Formellement, il n’y a aucun contrat qui lie le cabinet de la Mobilité et le bureau d’avocats Clifford-Chance. Ce qui constitue une anomalie en soi. Ce cabinet d’avocats n’apparaît par ailleurs pas comme en pointe sur les matières aéronautiques dont il a la charge, selon les classements de référence.

La décision de la ministre de la Mobilité Jacqueline Galant de suspendre sa collaboration avec le cabinet d’avocats Clifford-Chance se réfère à un contrat… qui n’existe pas en tant que tel. Il n’y a en effet aucun document contractuel qui lie le cabinet de la Mobilité à ce bureau d’avocats, a appris le Vif/L’Express de sources sûres. L’engagement du premier envers le second repose sur un échange de mails, datant de novembre 2014. On y constate qu’il y a clairement accord sur la hauteur des honoraires de ce bureau, fixés à 385 euros/heure (hors TVA), un taux moyen calculé quels que soient l’expérience et l’âge des avocats impliqués. Les missions dévolues y sont aussi succinctement décrites mais il n’y a pas trace de durée pour cette collaboration.

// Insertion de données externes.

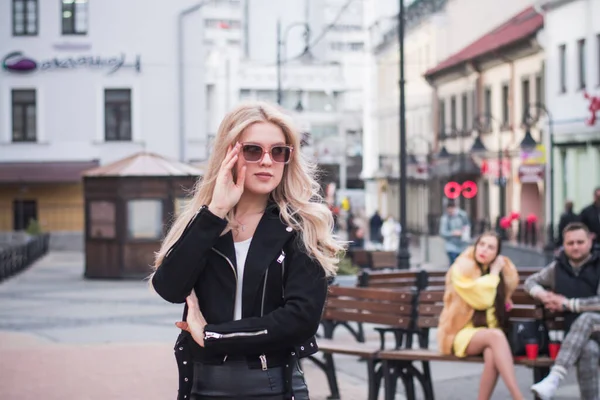 Moda Chica Hipster Retrato Aire Libre Ciudad — Foto de Stock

« Dans ce cas, on peut considérer qu’il y a malgré tout un contrat, dont les éléments sont réduits », observe Marie Vastmans, avocate spécialisée en marchés publics pour le bureau Xirius. Déontologiquement, les avocats sont pourtant tenus d’informer leur client des modalités d’exécution du contrat, notamment en précisant le montant des honoraires et les modalités de facturation. On sait qu’en matière de modalités de facturation, rien n’était prévu puisque c’est à la demande insistante de l’administration, a partir d’avril 2015, que la première facture est tombée en septembre 2015, alors que les prestations de Clifford-Chance couraient depuis début novembre 2014.

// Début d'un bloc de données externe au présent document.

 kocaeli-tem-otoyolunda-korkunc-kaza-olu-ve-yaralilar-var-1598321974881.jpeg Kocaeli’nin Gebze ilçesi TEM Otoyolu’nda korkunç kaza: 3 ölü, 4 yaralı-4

Que se passe-t-il en cas de suspension de ce type de collaboration ? Elle peut s’opérer pour une durée déterminée ou indéterminée, et les avocats de Clifford sont en droit de facturer les prestations déjà effectuées. Leur paiement n’est toutefois pas assuré. L’Inspection des Finances pourrait en effet estimer qu’il n’y a pas lieu de s’en acquitter. Car si une partie de la jurisprudence considère que l’Etat est engagé, quand bien même le contrat aurait été passé de façon illégale, une autre partie estime que le contrat est frappé de nullité absolue et que l’Etat n’a pas à payer. Il est bien sûr possible d’envisager une solution négociée qui se situerait entre ces deux extrêmes.

Quoiqu’il en soit, il n’est en tous cas pas acquis que Clifford-Chance puisse réclamer des indemnités pour la rupture ou la suspension de contrat : tout client peut en effet rompre sa collaboration avec son avocat quand il le souhaite. A moins que le contrat initialement conclu ne prévoie une durée précise de mission, ce qui n’est pas le cas ici, selon nos informations.

Le cabinet pourrait par contre tenter d’obtenir des indemnités de dédommagement moral, son image étant sérieusement écornée du fait de ce dossier.

Selon le cabinet de référencement Chambers and Partners, spécialisé dans le classement des 180 meilleurs bureaux d’avocats internationaux, Clifford-Chance n’apparaît pas dans les dix premiers dans la catégorie du droit de l’environnement en Belgique. Le cabinet Stibbe, l’autre bureau d’avocats avec lequel collabore, depuis des années, le cabinet de la Mobilité, occupe, lui, la deuxième place. Même situation en droit public belge : le nom de Clifford-Chance n’est pas cité alors que Stibbe occupe la deuxième marche du podium.

Il n’y a qu’en droit européen de la concurrence que le cabinet choisi par la ministre Jacqueline Galant est repris dans le haut du tableau : il y occupe la 11ème place.

Dans le milieu des avocats, on considère Clifford-Chance comme un bon et important cabinet sur le plan international, plutôt spécialisé dans le domaine des fusions et acquisitions d’entreprises.